START Provided entries

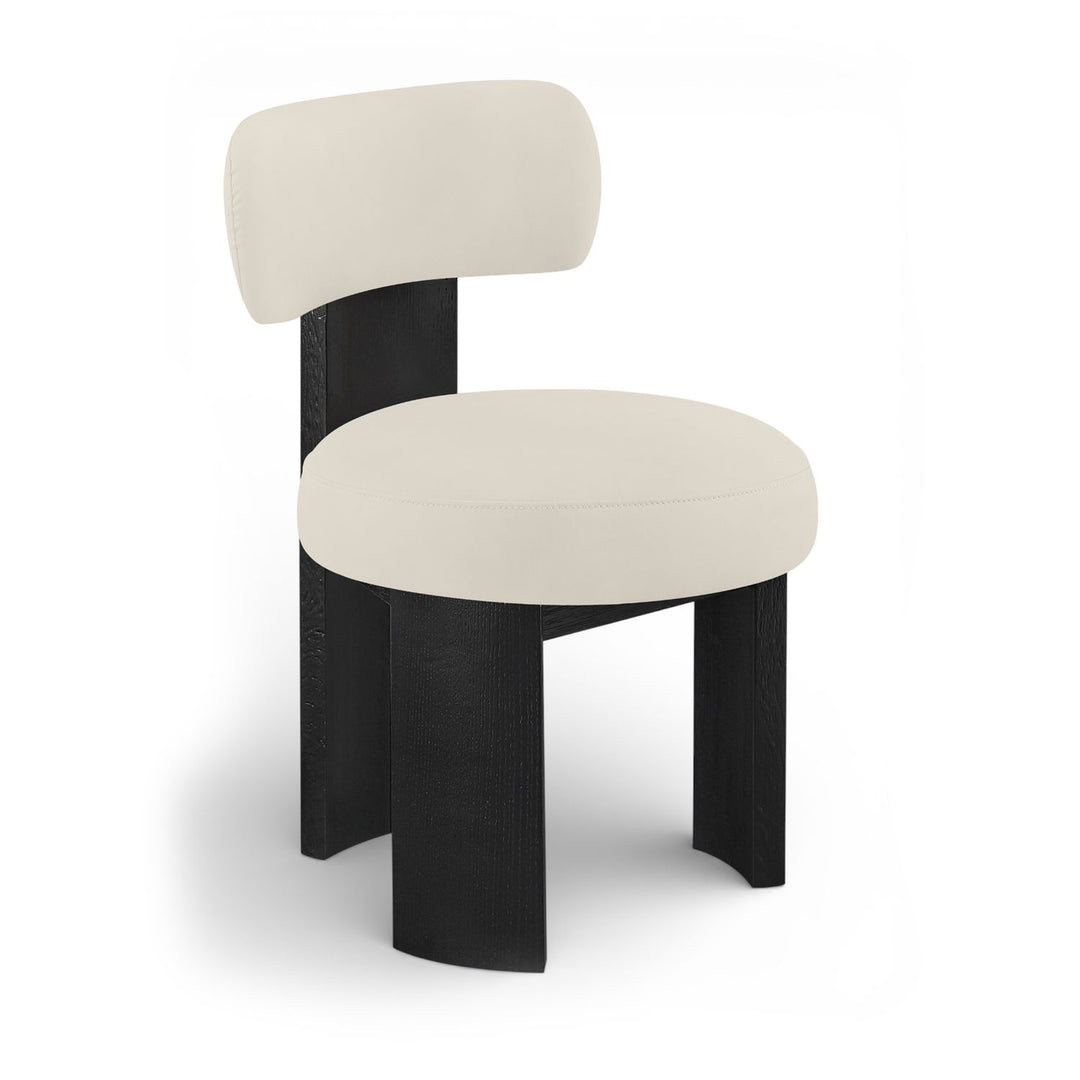 Atelier Vegan Leather Upholstered Dining Chair — Taupe / Painted Black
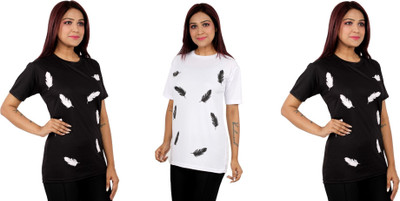 Oishee Printed Women Round Neck Multicolor T-Shirt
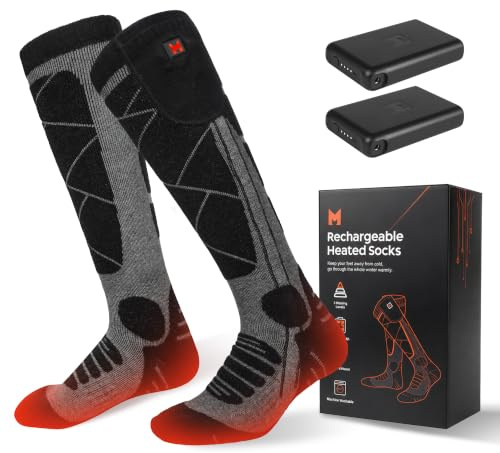 EIHBIEA Chaussettes Chauffantes Rechargeables pour Homme Femme | 2× Batteries 6000mAh, Jusqu'à 8,5 Heures, 3 Réglages de Chaleur Jusqu'à 65℃, Chauffage Complet de la Semelle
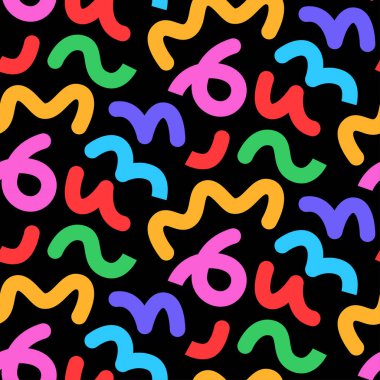 Colorful memphis seamless vector pattern with abstract geometric shapes on black background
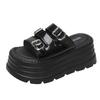 Internet Celebrity Thick-bottomed Toe Slippers Women 2025 New Fashion Retro One-word Belt Buckle Casual Beach Slippers Women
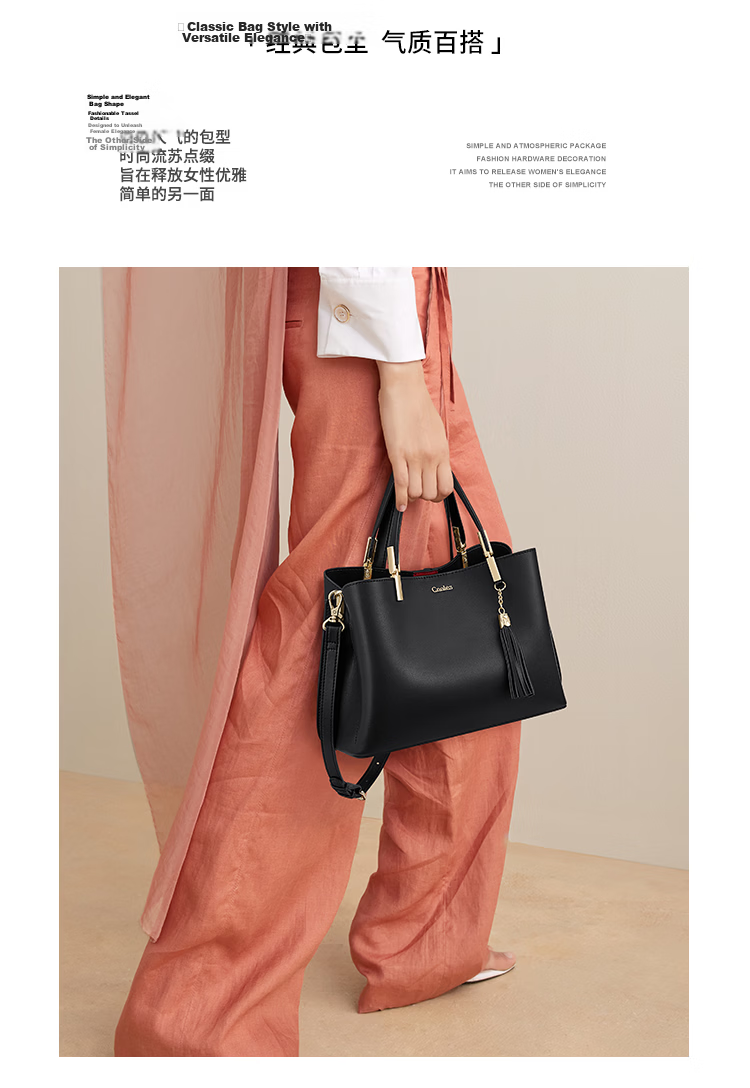 Kouyi Women's Leather Handbag High-Grade Single Shoulder Bag Large Capacity Birthday Gift for Girlfriend Wife 4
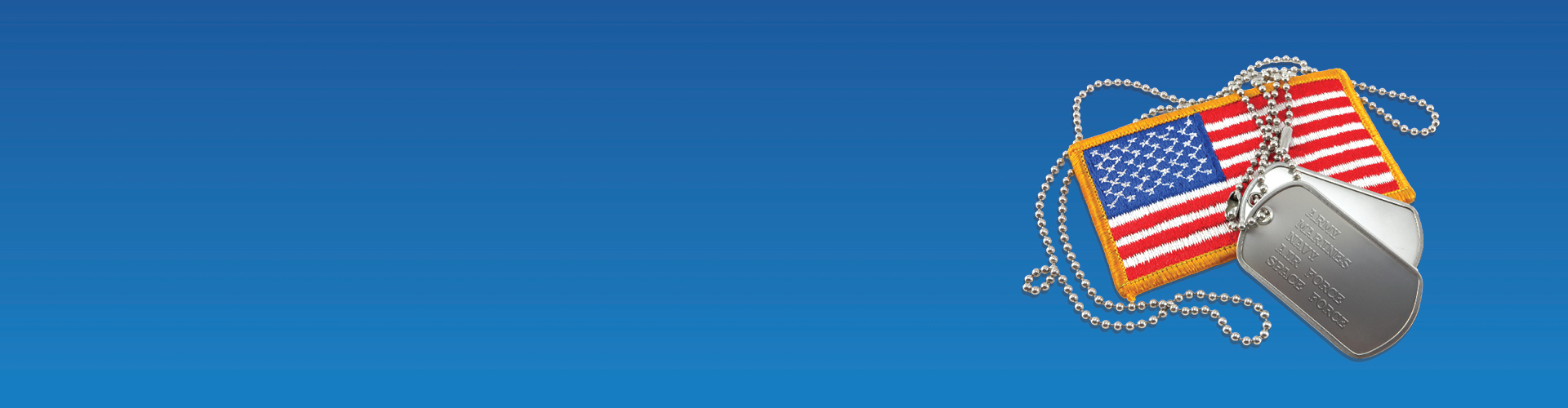 A pair of military dog tags resting on a U.S. flag patch with a yellow border, set against a blue background. The tags list military branches: Army, Marines, Navy, Air Force, and Space Force.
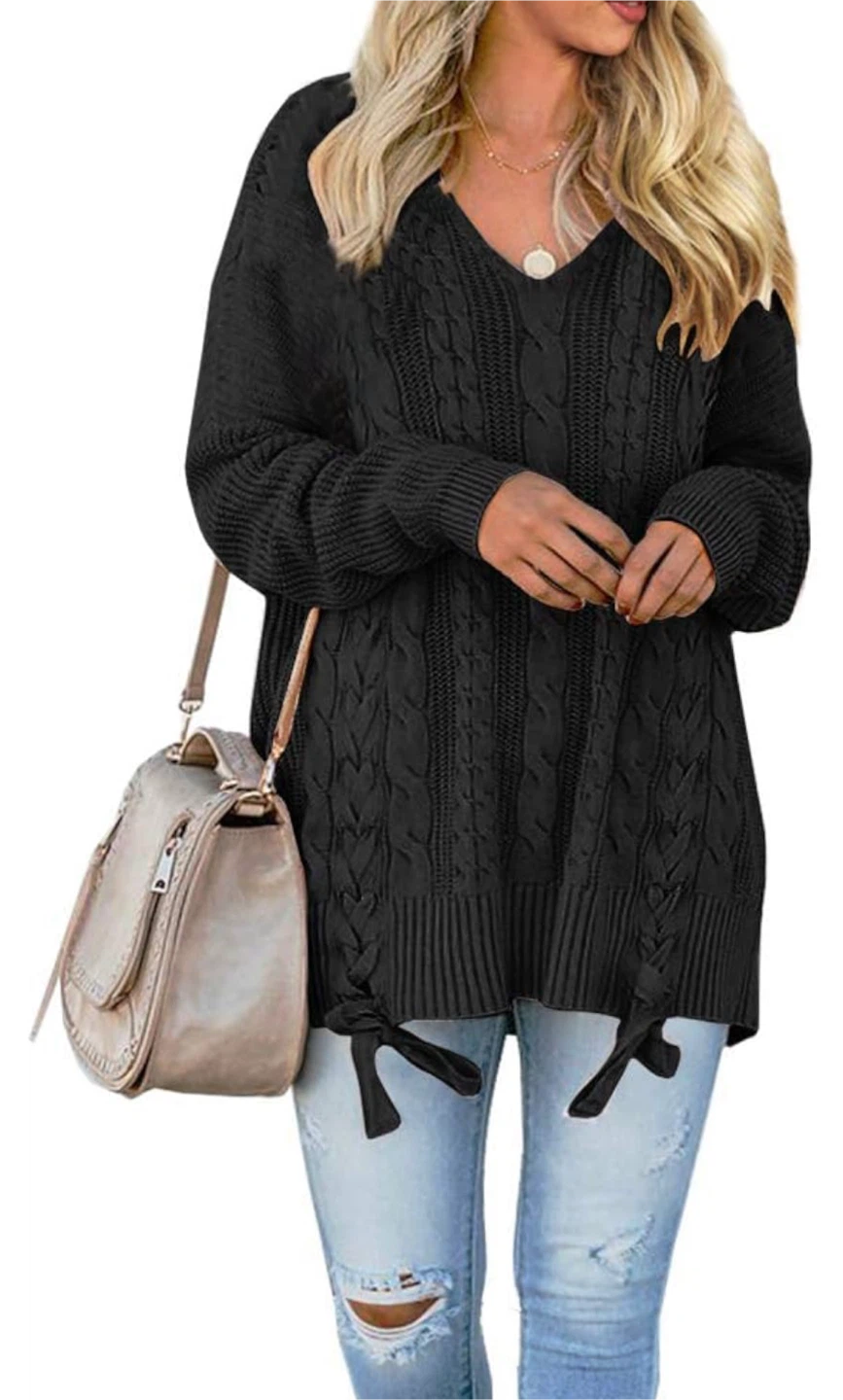 NEW! Black Cable Knit V-Neck Lace Up Sweater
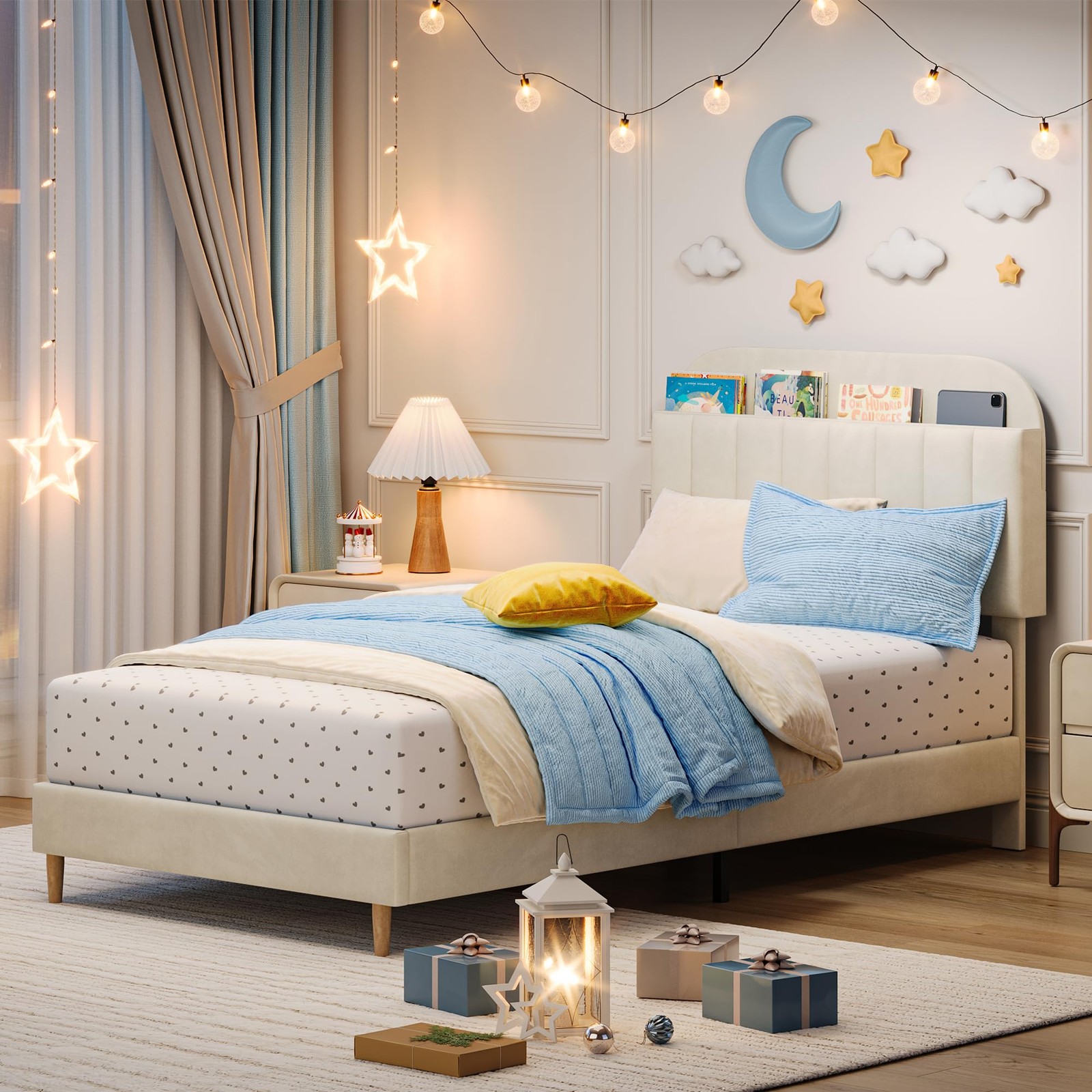 Twin Size Bed Frame with Storage Headboard, Velvet Upholstered Platform for Kids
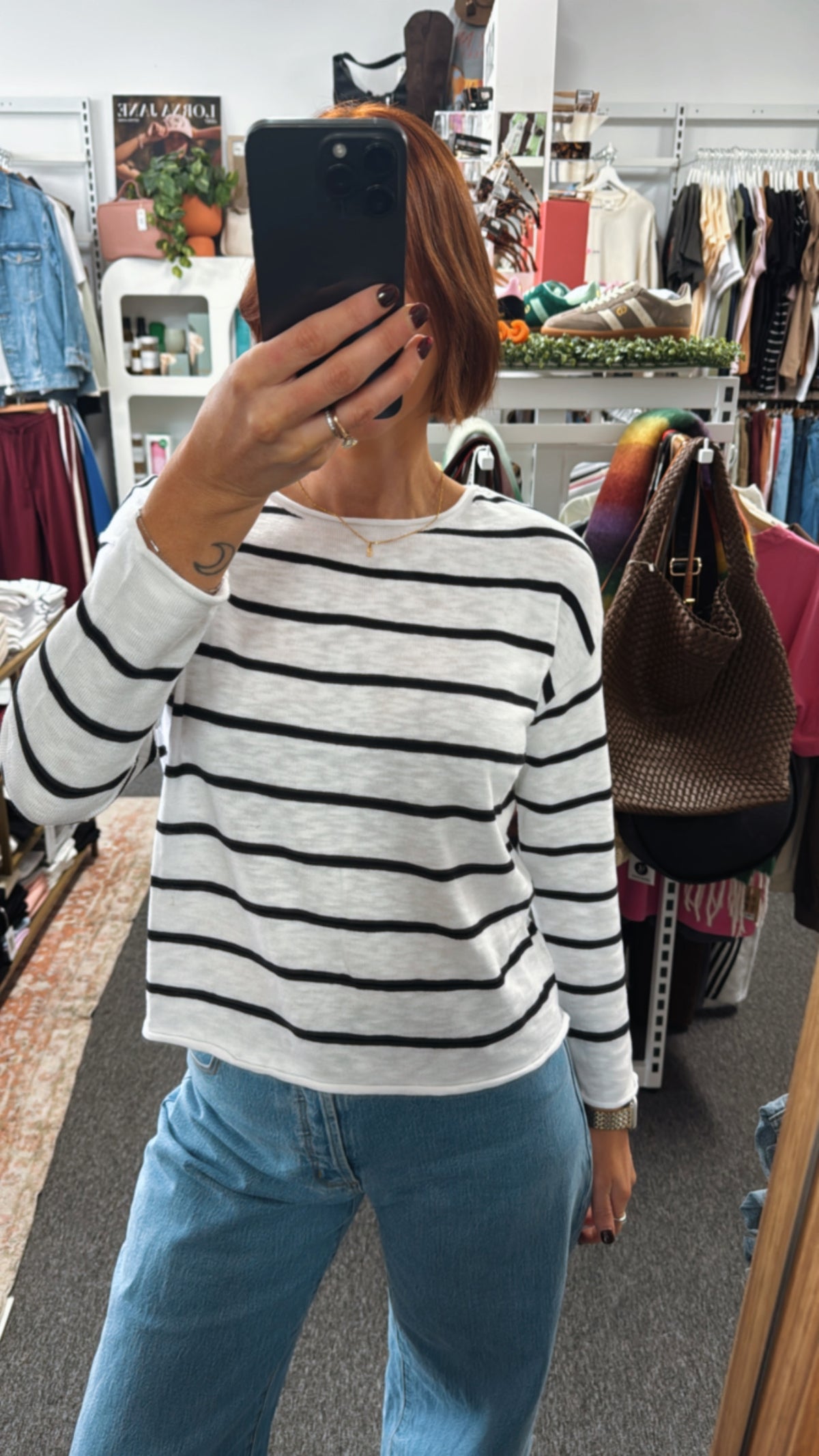 Minnie Top - White/Black Stripe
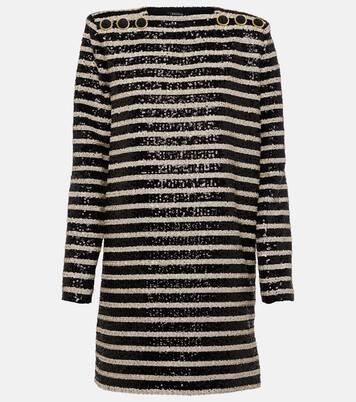 Robe rayée à sequins | Balmain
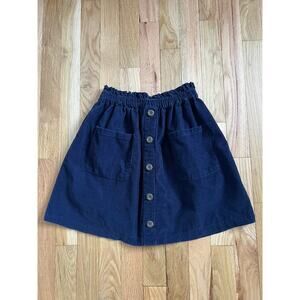 Hanna Andersson Navy Blue Corduroy Elastic Skirt Buttons Pocket Girl (Youth 10)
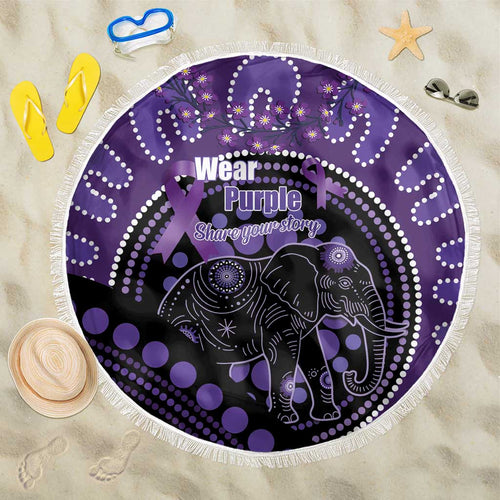 Australia Alzheimer's and Brain Awareness Beach Blanket Elephant Forget-Me-Not Aboriginal Art
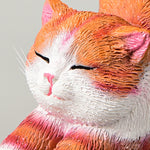 Buddha Stones Hand-Painted Resin Lazy Kitten Animal Decoration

END Provided entries

With all pictures omitted, return exactly the lines from the one containing "Kouyi Women's Leather" through the end of the entries above.

* Answer to this problem:
 Kouyi Women's Leather Handbag High-Grade Single Shoulder Bag Large Capacity Birthday Gift for Girlfriend Wife 4
 A pair of military dog tags resting on a U.S. flag patch with a yellow border, set against a blue background. The tags list military branches: Army, Marines, Navy, Air Force, and Space Force.
 NEW! Black Cable Knit V-Neck Lace Up Sweater
 Twin Size Bed Frame with Storage Headboard, Velvet Upholstered Platform for Kids
 Minnie Top - White/Black Stripe
 Robe rayée à sequins | Balmain
 Hanna Andersson Navy Blue Corduroy Elastic Skirt Buttons Pocket Girl (Youth 10)
 Australia Alzheimer's and Brain Awareness Beach Blanket Elephant Forget-Me-Not Aboriginal Art
 Buddha Stones Hand-Painted Resin Lazy Kitten Animal Decoration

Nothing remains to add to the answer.